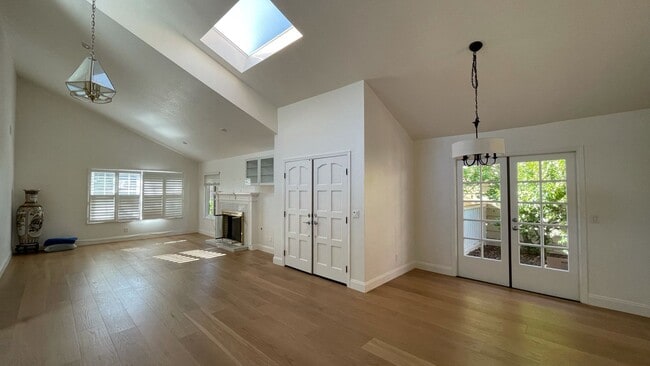 11 Wellfleet Bay in Alameda, CA - Building Photo - Building Photo
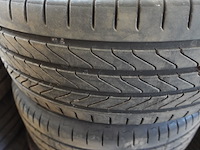 4x band 17 inch - afbeelding 3 van  4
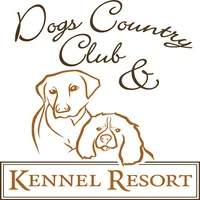 Dogs Country Club icon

Task description: Print the listing exactly. No pictures belong in the copy.

Answer to the problem:
 11 Wellfleet Bay in Alameda, CA - Building Photo - Building Photo
 4x band 17 inch - afbeelding 3 van  4
 Dogs Country Club icon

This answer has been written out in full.